Originally known as Esmael bin Safar ud-Din, also Carlos Safaruddin was the ruler of Manila from 1690-1739, he was coronated in 1690. Don Carlos married a Spanish noble brought from Mexico by the name of Carrolla Lopez, and had two children, Juan and Fernando. Like his father Enrique, Carlos also reverted to Islam.

Cabezas, gobernadorcillos and other Principalía

Juan Carlos Juan Carlos was the youngest son of Don Carlos Safaruddin, and the younger brother of Fernando Carlos. Juan was given the diplomatic matters of the now-Spanish province of Manila.
Fernando Carlos Fernando Carlos became the Gobernadorcillo of Manila, he handled the native police forces of Manila that patrolled the area for any rebels or subversive activity.
Isabel Legazpi One of the daughters of Safar ud-Din, she was born as Zainab bin Safar ud-Din, and was married to one of Miguel Lopez de Legazpi's great grandsons Felipe Legazpi and baptized under the name Isabel Legazpi y Safaruddin.
Consuela Legazpi One of the daughters of Safar ud-Din, born as Maryam II, Maryam bint Safar ud-Din and married to Felipe Legazpi's adopted brothers and baptized as Consuela Legazpi y Safaruddin.
Penélope Goiti One of the daughters of Safar ud-Din, born as Zula bint Safar ud-Din, married to one of Martín de Goiti's grandsons, Carlos Goiti, she was baptized as Penélope Goiti y Safaruddin.
Sandra de Carlos One of Don Carlos Safaruddin's daughters, married a Kapampagan principal from Macabre.
Consuelo de Carlos One of Don Carlos Safaruddin's daughters, married a Cebuano principal and lived in Cavite.

Modern-day politicians, pretenders, and figures

Luis Antonio Tagle A Roman Catholic cardinal who is the current Archbishop of Manila, he claims to be a descendant of Consuela Legazpi and Felipe Legazpi.
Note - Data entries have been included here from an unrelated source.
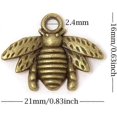 thumbnail image 2 of KAIYANG 60 colgantes de aleación con forma de abeja tono plateado, 2 of 5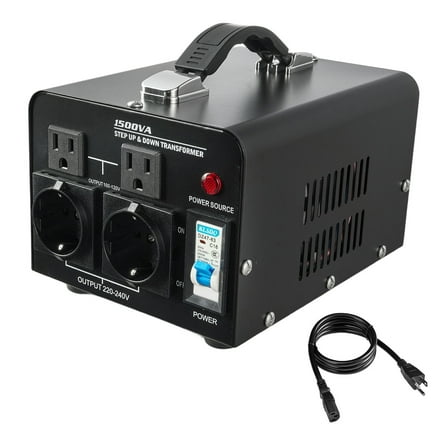 KFFKFF Voltage Converter Transformer, 1500VA, Durable Step Up/Down Power Transformer, Switches Between 110V and 220V, Equipped with US and EU Outlets, Power Cord, and Circuit Breaker Protection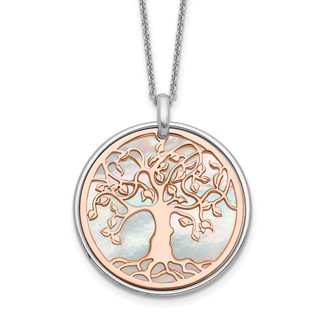 Leslie's Sterling Silver & Rose-tone MOP Tree of Life w/1in ext. Necklace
Gil Puyat A Filipino businessman, although his ancestry to Lakan Dula is certain, he also has traceable descent to Sandra de Carlos and an unknown Spanish husband.
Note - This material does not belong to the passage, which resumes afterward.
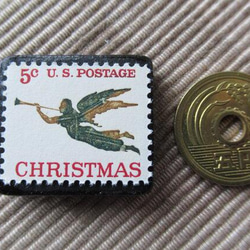 アメリカ　クリスマス切手ブローチ4041 3枚目の画像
Antonio De la Cruz A Filipino saint "of the Cross" who preached Roman Catholicism in other nations, claims to have descent from Isabel Legazpi, he visited Spain, Italy, France and Romania and became a well-respected foreigner in those nations.
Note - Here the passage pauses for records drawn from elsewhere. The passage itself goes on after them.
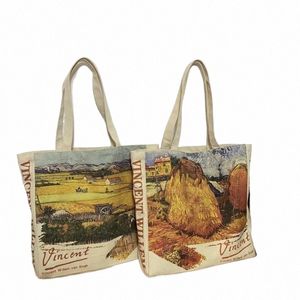 2022 Women Canvas Shoulder Bag Art Oil Painting Ladies Casual Handbag Tote Bag Large Capacity Cott Reusable Shop Beach Bag y1SQ#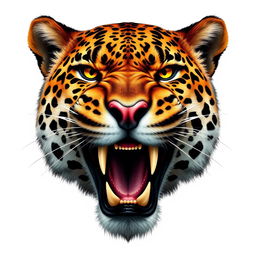 A highly detailed and realistic depiction of the head of a roaring leopard, showcasing its sharp teeth, fierce expression, and intricate fur patterns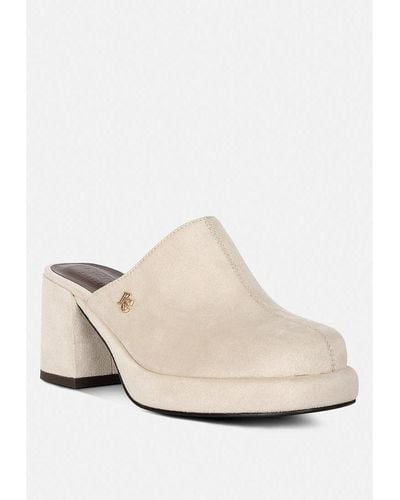Rag & Co Delaunay Suede Heeled Mules - White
Ahmed Kudarat A Moro-Filipino historian from Sulu, who claims that Carlos Safaruddin migrated to the Sulu Sultanate and reverted to Islam, claims to have his descent, claims to be the rightful heir to the throne and has request the kris and the salakót be given to him but was rejected by the Philippine government, he holds dual citizenship in both the Republic of the Philippines and the Kingdom of Mindanao and Sulu
Lorenzo Álvarez A Filipino scholar, businessman, historian, and Iglesia ni Cristo preacher who claims that Rajah Sulayman's dynasty often intermingled with Lakan Dula's. Claims descent from both lines.
Rico Rodríguez A Roman Catholic priest from Cavite, claims that the salakot was a symbol of the Sulayman Dynasty's destiny to become Christian (the salakót was a Christian noble symbol). Like Álvarez, he also claims that Rajah Sulyman and Lakan Dula's descendants intermingled and claims descent from both lines.